**WHAT TO WORK ON**: At the line that includes "Know About the", begin writing out the entries below exactly, and continue through the last line without adding anything.

•••••

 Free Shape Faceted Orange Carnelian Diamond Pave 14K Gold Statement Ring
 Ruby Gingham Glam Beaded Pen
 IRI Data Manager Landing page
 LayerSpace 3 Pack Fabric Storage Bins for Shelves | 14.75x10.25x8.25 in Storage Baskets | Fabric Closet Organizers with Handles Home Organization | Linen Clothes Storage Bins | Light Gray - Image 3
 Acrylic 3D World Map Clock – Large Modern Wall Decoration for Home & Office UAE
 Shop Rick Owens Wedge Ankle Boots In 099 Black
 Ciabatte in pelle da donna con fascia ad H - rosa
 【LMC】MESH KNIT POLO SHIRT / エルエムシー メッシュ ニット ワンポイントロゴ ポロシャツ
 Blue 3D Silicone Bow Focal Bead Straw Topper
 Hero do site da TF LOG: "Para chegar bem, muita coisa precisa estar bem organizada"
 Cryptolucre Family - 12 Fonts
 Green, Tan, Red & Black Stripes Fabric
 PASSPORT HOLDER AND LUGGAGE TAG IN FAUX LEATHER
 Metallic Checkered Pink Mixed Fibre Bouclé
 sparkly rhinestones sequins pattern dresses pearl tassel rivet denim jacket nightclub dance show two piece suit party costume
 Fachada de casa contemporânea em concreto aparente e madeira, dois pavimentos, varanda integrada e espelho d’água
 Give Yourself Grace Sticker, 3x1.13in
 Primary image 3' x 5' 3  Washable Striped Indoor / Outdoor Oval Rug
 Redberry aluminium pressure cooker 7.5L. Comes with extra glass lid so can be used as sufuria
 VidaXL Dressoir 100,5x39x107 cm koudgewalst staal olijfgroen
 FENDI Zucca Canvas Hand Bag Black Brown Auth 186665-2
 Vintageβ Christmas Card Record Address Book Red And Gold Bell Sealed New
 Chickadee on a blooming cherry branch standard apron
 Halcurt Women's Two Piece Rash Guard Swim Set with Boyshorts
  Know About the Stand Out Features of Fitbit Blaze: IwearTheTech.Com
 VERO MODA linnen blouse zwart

•••••

**RESPONSE TO THIS EXERCISE**:
  Know About the Stand Out Features of Fitbit Blaze: IwearTheTech.Com
 VERO MODA linnen blouse zwart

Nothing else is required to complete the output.